Let $X_1, X_2, \dots , X_n, \dots$ be independent such that
\begin{equation*}
\mathbb{P}\left( X_{n}=-n\right) =\mathbb{P}\left( X_{n}=n\right) =\dfrac{1}{%
2n^{2}}\ \text{ and}\ \mathbb{P}\left( X_{n}=0\right) =1-\dfrac{1}{n^{2}}.
\end{equation*}
in the correction of the exercise to show the convergence in probability :
fix $\epsilon> 0 $, $P(|X_n|< \epsilon)=P(X_n=0)=1+\frac{1}{n^2} \longrightarrow 1, as \; n\longrightarrow \infty$
why they studied the convergence of the sequence $\{X_n\}$ to $0$?
I think I have understood convergence in probability, but I am having trouble putting it into practice. If you have any advice to give me, I would be very grateful.

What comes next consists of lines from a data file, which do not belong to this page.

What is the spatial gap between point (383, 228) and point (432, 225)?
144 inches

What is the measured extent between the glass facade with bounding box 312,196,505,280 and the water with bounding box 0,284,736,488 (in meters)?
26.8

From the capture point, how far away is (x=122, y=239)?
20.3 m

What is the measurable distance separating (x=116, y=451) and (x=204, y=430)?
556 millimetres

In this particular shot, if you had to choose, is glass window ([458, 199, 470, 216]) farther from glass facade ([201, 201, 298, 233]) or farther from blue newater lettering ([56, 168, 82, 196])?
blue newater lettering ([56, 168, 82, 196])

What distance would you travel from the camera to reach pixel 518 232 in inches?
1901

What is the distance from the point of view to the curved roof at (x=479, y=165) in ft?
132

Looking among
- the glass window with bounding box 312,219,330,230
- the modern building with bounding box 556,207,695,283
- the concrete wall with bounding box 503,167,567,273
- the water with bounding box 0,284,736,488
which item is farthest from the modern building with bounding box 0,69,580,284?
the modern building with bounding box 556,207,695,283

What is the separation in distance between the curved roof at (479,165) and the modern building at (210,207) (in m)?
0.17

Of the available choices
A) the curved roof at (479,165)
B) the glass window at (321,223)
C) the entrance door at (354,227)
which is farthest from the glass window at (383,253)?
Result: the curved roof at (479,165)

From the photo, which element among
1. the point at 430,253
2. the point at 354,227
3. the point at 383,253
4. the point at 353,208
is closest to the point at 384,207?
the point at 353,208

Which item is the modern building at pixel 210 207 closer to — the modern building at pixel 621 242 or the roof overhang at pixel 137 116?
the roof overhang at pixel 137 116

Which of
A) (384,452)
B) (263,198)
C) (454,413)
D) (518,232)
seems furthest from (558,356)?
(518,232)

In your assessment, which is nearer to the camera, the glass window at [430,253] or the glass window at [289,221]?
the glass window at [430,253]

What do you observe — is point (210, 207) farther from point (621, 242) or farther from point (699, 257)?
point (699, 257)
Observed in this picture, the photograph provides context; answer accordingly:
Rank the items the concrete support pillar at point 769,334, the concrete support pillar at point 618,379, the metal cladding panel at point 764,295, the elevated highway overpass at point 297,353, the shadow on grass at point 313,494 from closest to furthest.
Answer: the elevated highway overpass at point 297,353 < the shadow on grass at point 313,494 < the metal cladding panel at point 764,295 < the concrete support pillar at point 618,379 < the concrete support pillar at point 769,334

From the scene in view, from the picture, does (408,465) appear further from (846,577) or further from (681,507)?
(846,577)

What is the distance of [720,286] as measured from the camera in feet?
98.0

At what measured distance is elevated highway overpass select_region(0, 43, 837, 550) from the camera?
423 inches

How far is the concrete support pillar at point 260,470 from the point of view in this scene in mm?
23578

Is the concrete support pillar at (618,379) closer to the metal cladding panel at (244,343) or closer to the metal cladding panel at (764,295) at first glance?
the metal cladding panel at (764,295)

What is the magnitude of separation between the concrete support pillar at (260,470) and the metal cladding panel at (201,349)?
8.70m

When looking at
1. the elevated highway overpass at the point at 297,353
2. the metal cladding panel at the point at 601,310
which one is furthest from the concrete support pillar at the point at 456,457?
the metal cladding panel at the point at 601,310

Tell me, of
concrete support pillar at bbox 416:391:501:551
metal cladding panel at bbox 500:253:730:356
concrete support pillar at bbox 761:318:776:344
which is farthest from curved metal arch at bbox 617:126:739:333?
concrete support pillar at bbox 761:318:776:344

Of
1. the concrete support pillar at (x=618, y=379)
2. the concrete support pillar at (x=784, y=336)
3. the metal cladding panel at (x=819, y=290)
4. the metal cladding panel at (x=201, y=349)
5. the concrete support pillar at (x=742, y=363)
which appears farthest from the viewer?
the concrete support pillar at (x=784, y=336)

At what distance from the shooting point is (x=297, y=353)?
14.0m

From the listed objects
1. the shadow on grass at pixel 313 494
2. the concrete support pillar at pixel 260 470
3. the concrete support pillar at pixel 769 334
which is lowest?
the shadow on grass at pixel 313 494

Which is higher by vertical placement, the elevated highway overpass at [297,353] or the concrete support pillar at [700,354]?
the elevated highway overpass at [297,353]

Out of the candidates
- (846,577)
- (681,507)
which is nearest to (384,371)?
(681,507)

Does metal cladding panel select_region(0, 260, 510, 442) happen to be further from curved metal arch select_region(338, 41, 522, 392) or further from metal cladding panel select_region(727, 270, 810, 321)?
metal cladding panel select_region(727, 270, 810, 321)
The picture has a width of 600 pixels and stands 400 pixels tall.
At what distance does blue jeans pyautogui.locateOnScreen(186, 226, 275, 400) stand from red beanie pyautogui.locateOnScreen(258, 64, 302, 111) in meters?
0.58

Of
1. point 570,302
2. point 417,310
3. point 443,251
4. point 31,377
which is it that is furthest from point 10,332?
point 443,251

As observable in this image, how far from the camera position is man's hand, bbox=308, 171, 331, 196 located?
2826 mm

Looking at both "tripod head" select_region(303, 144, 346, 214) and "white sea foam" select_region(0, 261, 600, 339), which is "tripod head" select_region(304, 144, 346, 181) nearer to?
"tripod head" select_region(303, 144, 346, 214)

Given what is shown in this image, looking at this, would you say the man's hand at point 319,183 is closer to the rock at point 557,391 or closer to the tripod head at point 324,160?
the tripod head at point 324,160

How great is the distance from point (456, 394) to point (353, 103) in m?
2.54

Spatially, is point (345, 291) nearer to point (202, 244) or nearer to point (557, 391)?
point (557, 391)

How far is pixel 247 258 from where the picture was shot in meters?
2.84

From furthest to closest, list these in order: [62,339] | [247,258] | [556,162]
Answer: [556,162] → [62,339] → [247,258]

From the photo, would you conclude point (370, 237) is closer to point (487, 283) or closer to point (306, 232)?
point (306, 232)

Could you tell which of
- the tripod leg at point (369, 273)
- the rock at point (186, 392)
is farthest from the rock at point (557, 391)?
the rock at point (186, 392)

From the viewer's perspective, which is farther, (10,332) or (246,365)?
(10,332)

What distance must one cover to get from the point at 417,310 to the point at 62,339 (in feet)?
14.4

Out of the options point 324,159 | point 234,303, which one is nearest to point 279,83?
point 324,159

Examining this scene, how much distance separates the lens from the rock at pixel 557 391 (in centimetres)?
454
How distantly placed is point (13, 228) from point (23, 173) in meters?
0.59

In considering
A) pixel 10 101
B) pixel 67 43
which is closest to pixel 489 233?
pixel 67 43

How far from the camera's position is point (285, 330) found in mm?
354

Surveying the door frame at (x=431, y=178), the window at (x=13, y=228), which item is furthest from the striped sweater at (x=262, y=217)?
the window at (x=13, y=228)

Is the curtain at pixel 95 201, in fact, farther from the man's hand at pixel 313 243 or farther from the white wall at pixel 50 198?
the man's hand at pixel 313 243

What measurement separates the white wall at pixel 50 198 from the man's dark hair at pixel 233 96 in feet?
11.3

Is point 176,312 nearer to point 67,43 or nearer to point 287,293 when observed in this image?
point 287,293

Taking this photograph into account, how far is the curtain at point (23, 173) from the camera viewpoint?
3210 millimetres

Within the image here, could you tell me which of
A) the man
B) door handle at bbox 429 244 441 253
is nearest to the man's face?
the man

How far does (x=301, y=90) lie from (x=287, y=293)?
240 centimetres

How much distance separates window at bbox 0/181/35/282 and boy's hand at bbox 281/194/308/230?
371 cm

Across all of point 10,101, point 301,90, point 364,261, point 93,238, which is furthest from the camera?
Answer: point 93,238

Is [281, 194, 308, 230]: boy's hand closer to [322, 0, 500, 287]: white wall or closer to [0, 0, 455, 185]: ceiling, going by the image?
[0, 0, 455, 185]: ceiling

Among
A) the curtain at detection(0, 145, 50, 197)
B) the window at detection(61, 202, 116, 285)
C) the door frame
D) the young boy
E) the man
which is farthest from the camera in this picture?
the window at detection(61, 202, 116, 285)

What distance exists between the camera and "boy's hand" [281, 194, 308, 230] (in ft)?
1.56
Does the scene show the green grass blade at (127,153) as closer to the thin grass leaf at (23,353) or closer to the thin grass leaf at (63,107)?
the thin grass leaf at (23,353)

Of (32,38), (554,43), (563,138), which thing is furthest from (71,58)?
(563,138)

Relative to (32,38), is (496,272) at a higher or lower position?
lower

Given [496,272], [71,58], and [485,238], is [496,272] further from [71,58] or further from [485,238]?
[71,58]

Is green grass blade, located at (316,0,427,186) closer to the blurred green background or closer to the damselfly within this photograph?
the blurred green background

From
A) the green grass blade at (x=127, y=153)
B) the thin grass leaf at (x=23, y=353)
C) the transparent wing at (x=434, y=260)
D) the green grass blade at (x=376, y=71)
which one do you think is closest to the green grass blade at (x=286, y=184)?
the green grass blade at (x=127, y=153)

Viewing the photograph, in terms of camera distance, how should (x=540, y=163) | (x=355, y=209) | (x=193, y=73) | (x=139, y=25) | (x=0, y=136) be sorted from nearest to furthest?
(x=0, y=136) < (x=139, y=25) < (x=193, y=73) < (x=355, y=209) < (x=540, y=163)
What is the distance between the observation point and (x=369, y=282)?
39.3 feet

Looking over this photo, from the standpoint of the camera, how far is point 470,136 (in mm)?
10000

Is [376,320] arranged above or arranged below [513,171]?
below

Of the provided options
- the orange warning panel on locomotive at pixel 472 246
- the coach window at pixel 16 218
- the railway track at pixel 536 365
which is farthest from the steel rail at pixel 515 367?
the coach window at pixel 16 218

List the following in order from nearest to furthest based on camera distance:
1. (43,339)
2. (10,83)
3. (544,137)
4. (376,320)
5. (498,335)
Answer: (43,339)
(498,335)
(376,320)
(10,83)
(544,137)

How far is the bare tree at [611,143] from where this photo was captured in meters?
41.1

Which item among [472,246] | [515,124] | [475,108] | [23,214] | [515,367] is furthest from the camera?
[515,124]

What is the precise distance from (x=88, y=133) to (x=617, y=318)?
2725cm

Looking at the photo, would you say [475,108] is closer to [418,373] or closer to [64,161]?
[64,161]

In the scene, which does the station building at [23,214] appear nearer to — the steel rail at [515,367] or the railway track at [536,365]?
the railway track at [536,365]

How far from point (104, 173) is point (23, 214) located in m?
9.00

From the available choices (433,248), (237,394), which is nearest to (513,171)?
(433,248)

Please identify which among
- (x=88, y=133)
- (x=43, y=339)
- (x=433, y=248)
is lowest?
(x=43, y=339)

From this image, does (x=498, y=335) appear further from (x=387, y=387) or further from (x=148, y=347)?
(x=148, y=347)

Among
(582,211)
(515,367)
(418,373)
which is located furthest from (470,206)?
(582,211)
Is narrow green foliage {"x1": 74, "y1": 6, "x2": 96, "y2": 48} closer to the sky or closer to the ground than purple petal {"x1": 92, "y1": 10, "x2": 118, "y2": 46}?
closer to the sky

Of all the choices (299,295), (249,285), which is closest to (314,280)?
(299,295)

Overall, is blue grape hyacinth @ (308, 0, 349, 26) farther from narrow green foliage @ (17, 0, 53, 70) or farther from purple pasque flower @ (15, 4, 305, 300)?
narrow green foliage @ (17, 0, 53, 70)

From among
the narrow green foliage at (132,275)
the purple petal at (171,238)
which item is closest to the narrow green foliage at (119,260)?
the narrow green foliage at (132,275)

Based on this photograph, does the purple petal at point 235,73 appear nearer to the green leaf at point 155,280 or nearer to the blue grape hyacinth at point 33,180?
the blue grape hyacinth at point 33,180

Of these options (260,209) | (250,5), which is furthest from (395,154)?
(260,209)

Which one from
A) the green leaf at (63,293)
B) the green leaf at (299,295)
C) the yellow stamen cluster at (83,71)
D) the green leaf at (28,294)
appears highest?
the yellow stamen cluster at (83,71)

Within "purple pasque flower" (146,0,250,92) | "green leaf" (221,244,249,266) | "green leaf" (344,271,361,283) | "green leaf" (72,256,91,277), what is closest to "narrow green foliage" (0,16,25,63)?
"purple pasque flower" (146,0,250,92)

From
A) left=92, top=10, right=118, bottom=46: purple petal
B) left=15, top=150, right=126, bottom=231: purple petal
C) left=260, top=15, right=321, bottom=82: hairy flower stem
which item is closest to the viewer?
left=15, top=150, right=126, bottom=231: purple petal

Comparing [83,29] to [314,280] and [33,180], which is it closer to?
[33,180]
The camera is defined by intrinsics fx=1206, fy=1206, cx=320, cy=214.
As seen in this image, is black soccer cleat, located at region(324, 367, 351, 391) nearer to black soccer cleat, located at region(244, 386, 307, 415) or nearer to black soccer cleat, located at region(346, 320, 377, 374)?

It is indeed not always easy to find the limit in probability of a sequence. A good way to have an intuition is that if $(A_n)_{n\geqslant 1}$ is a sequence of events such that $\mathbb P(A_n)\to 0$, then for each sequence $(R_n)$, the sequence $\left(R_n\mathbf{1}_{A_n}\right)_{n\geqslant 1}$ converges to $0$ in probability.
In other words, if $X_n$ involves sets whose probability will go to $0$, these ones will play no role in the convergence in probability of $(X_n)$.
In the context of the sequence given in the opening post, $X_n=n\mathbf{1}_{X_n=n}-n\mathbf{1}_{X_n=-n}$ and the events in the indicator functions have a probability that goes to $0$.